Ещё у Дмитрия Михайловича появился сын. И это уж особое счастье! Ко всем академическим заслугам, наградам, книгам. А семья — совершенно особенное.

Интересно, что коллеги, обсуждая один из материалов Дмитрия Михайловича, указали, что историков много, но не так много историков, о которых можно сказать: Наш. Это заключается не только в сотрудничестве, но и во взглядах на исторические факты.

Поздравляем с юбилеем! И желаем здоровья, мира в семье, крепкого дружеского плеча и новых открытий!

Ну а ещё есть хорошая статья 2017 года, которую мы решили привести целиком. Почему? По простой причине — тут выражено кредо исследователя. Цит. по Володихин Д.М. Ремесло историка: Вольные историософские эссе. М.: «Анни Арт центр», 2018. С. 82—127.

Алексей Сидельников, Михаил Тренихин

Володихин Д.М.

Ремесло историка: Вольные историософские эссе

 

«ПЕРЬЯ НА ШЛЯПАХ».
Историческое просвещение и историческая беллетристика

Созданные талантливыми писателями исторические романы, снятые талантливыми режиссерами исторические фильмы, висящие в музеях и на выставках исторические полотна кисти талантливых художников порой отпечатывают в сознании у массовой аудитории сюжеты и вещный мир прошлого намного прочнее, нежели тексты ученых и популяризаторов исторической науки.

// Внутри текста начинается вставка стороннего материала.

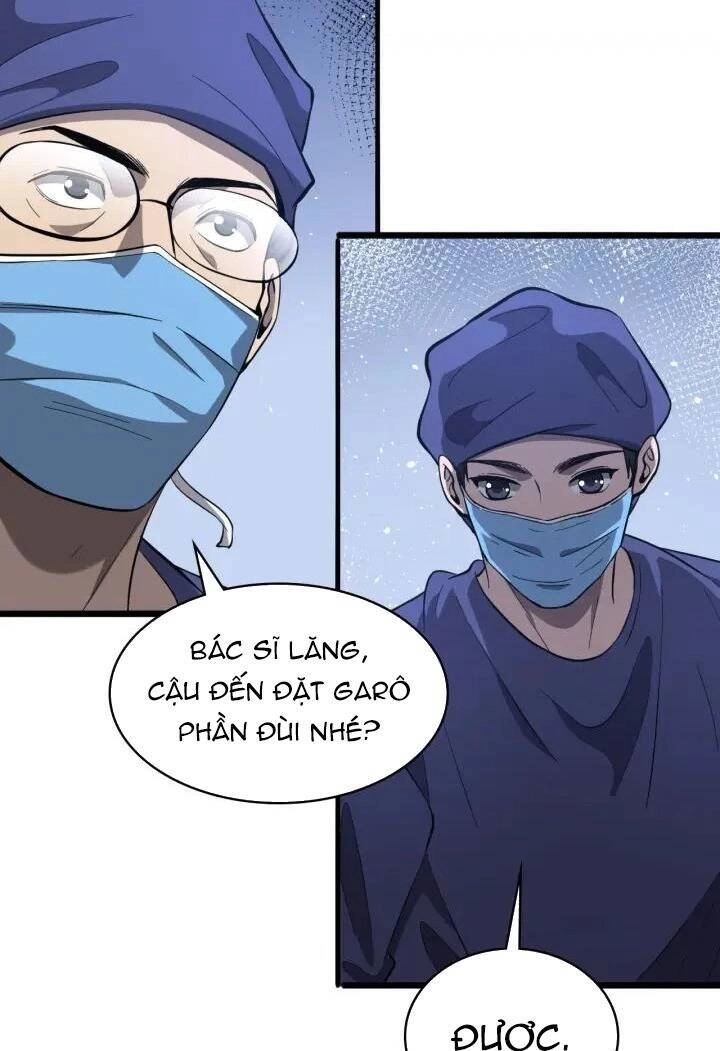 Đại Y Lăng Nhiên Chapter 121 - 16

Несмотря на то что учебник — владыка массовых представлений об истории, огромная часть образованного класса России знает историю всё же не по учебникам для школы и вуза, а по романам. Французскую историю — по книгам Александра Дюма и Мориса Дрюона, древнегреческую — по Мэри Рено и Любови Воронковой, древнеегипетскую — по Ивану Ефремову, древнеримскую — по Рафаэлло Джованьоли, английскую и шотландскую — по Вальтеру Скотту. Столетняя война отразилась в умах постольку, поскольку прочитан «Белый отряд» Артура Конан Дойля, а война Алой и Белой Розы — потому что есть «Черная стрела» Роберта Льюиса Стивенсона. И так далее…

Точно так же собственную историю русский образованный человек весьма часто помнит в первую очередь по художественной литературе и воспринимает ее через призму классических романов: «Петр I» и «Хождение по мукам» Алексея Николаевича Толстого, «Смерть Вазир-Мухтара» Юрия Тынянова, «Батый» Василия Яна, «Русь изначальная» Валентина Иванова, цикл Дмитрия Балашова о князьях Калитичах… Уж не говоря о том, что багровый лик Пугачевщины проступает в сознании миллионов русских сквозь благородный образ Петруши Гринева!

Более того, публика менее притязательная, но гораздо более массовая в созидании личного исторического сознания отталкивается даже не от исторической беллетристики, а от кинотекста. Картины «Александр Невский» Сергея Эйзенштейна, «Чапаев» братьев Васильевых, «Адъютант его превосходительства» Евгения Ташкова или, скажем «Звезда пленительного счастья» Владимира Мотыля заменяют целым поколениям как монографии, так и труды исторических романистов.

Ничего удивительного! Ведь все эти перья на шляпах, кивера, ментики, рыцарские подвиги, приключения плаща и шпаги, путешествия на триерах и фрегатах, шелест бальных платьев в танцевальных залах и гром канонады на сцене больших баталий столь пленительны, что мудрено не поддаться их обаянию.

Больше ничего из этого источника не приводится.